Few weeks ago, Ceramics Today’s editor received an email from Midlands Potters Association with a call to help Russell Paige to fire his vessels. The thermocouple of his kiln broke and he was looking for a kiln to rent some space to fire a commission piece. Your kiln is more likely to let you down when you are working against the time!
As usual, the community of potters was very supportive. A potter offered to help and Russell was able to complete is project.
Our editor asked Russell to share his experience with Ceramics Today’s readers.
CT: Hi Russell, could you introduce yourself in few words?
Hi, I’m Russell Paige. I’m a potter based in Worcester, UK. I currently am making small scale vessels out of my garage until I can set up my new studio.
CT: How did you come to ceramics?
I was lucky enough to attend a school with actual ceramics equipment and an art teacher who used to be a potter. So that was my introduction to clay. In fact one of my A-Level final pieces was a collection of abstract sculpture, sawdust fired in a kiln of my own making!
CT: How did you learn pottery and develop your skills?
After school I completed an Art Foundation course at Bedford College and specialised in pottery for the final half of the course. I am still in touch with my tutor from there who was a great inspiration to me. From here I went to study Ceramics at Wolverhampton University for 3 years where I gained a wealth of knowledge about many pottery techniques. The course there is really excellent and helped me to explore many techniques, they even allowed us to build a wood fired kiln in their yard, which may or may not be there still today. From University I went to running a pottery studio at Brewery Arts Centre in Cirencester. I was the Ceramicist in Residence for 3 years where I taught classes and produced my own work.
CT: Can you tell us where your inspiration comes from?

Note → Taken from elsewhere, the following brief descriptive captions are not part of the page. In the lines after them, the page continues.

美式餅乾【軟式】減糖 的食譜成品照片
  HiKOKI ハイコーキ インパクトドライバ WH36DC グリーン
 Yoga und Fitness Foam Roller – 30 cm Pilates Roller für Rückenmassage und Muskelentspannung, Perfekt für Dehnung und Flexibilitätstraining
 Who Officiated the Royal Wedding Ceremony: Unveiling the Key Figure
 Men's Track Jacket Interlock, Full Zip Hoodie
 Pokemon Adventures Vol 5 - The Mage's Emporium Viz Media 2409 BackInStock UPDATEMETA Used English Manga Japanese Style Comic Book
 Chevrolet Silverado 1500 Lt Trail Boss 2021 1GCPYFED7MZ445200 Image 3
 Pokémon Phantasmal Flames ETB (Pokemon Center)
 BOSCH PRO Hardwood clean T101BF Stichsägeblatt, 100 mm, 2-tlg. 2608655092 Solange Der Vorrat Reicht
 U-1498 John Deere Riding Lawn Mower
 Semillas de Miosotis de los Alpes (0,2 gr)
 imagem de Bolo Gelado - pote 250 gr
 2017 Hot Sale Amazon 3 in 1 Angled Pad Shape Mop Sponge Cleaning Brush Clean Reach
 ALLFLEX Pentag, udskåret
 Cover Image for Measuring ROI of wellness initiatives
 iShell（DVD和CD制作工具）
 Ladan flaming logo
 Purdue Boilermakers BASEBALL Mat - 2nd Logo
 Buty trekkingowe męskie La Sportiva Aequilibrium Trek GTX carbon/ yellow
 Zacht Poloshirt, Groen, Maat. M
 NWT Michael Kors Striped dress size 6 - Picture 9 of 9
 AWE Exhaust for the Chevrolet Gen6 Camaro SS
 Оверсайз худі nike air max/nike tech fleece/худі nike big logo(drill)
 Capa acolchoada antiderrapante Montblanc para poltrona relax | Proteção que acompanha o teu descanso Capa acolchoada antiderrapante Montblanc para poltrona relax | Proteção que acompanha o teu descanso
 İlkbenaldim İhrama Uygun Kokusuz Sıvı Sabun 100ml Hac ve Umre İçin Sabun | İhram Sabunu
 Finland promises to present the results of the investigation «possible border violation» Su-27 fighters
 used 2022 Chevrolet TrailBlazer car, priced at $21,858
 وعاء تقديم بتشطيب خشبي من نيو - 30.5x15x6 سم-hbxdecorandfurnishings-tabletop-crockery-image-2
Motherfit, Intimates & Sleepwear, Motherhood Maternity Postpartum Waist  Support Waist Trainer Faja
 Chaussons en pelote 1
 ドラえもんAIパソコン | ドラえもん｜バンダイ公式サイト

I am inspired by wheel thrown forms predominantly, both everyday and more sculptural objects. The fluidity and slight differences that are created when using the wheel really interest me. Artists like Edmund De Waal and his repetitions and simplicity of form but also the wood fired work of Svend Bayer for its naturalistic decoration. However, I also love the bold designs of Richard Godfrey for his use of colour. I could rattle out a long list of artists who inspire me and you would probably not really be able to find a theme. I think inspiration can come from anywhere really, not just from the pottery world.
CT: What clay and techniques do you use to build your pieces?
I use the wheel to throw almost all of my work. I fell in love with the process at university and continued from there. I also like the precision of slip casting and mould making so do like to mix these techniques. I work in stoneware and porcelain and generally use simple glazes. At the moment all my work is fired in an electric kiln but one day I would love to have a wood fired kiln, I am not sure I can get away with that in my garden though!
Q: Where do you work from? Are you a full-time potter or it’s a hobbies?
I am a hobby potter at the moment. Having just moved house I have set myself up in the garage however the dream would be to have a studio building set up in my garden so I have a dedicated space to work. Of course the dream is to be a full time potter but I’m not quite there yet.
Q: Could you mention one piece that you are particularly proud of?
I think the range/design I am particularly proud of is my Nu-Baroque pieces. This was work that I produced when I was in residence at Brewery Arts and I only ever made mugs and teapots however I would like to expand on the range and make more designs. I think this is what I will be focusing on going forward. The mugs did end up being sold in a very high end interiors shop in Chelsea at one stage which was a great achievement.
Q: where can our readers see/buy your work? Any exhibition in the pipeline?
The best place to see my work would be on my Instagram page @russellpaigeceramics or on my Facebook page Russell Paige Ceramics. I am not the best at updating these (especially Facebook) but they do have pictures of previous work. I do not have a shop set up at the moment but people can message me to see what I have available. I keep telling myself to set something up however life is busy at the moment! I don’t have any exhibitions in the pipeline but would love to be a part of something.